═══ Data for this task ═══

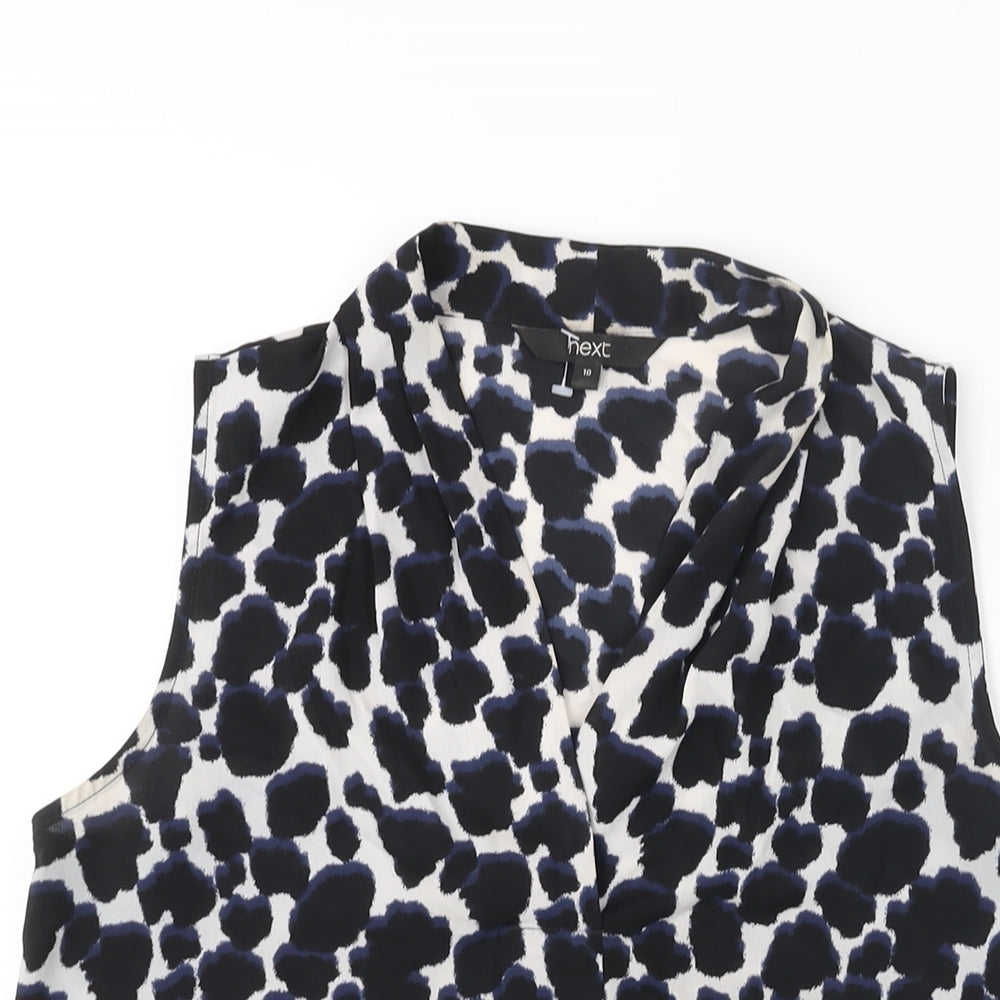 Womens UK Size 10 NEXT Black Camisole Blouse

═══
═══ Data for this task ═══

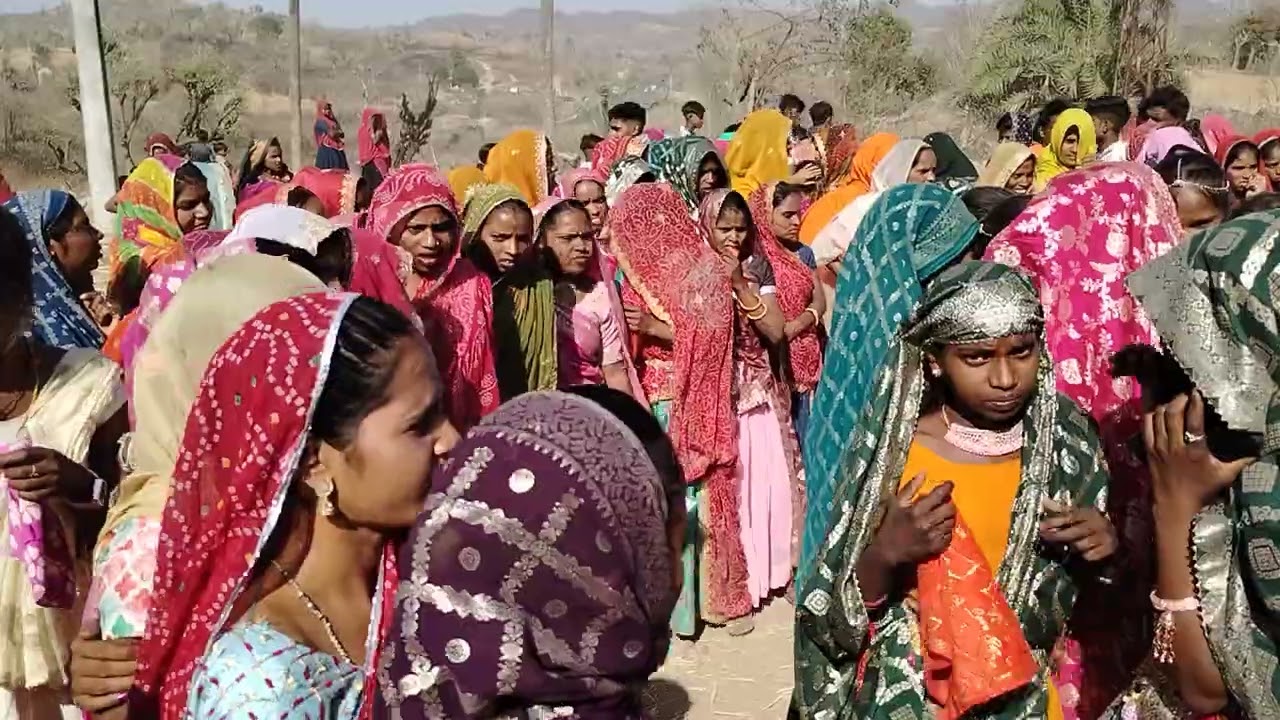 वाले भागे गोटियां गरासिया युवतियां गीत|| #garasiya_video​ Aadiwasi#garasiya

═══
═══ Data for this task ═══

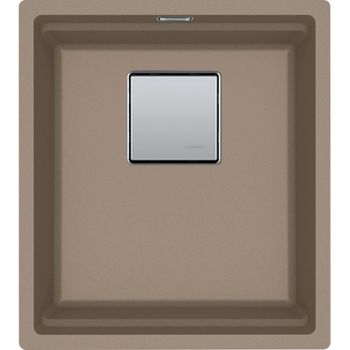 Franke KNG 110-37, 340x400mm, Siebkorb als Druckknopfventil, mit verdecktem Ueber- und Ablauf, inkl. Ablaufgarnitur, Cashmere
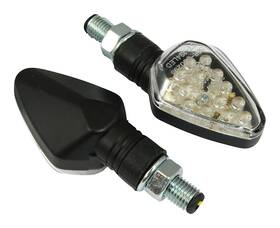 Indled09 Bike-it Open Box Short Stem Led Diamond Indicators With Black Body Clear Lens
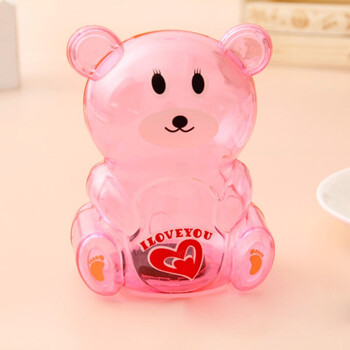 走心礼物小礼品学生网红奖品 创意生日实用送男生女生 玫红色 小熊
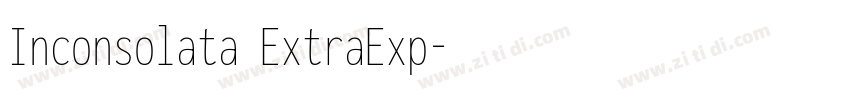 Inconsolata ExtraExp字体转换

═══

## Instructions to follow:
Within these entries, output exactly the lines starting at the one with "走心礼物小礼品学生网红奖品 创意生日实用送男生女生 玫红色 小熊" and finishing at the one with "Inconsolata ExtraExp字体转换". Leave pictures out of the output.

## Output for this exercise:
 走心礼物小礼品学生网红奖品 创意生日实用送男生女生 玫红色 小熊
 Inconsolata ExtraExp字体转换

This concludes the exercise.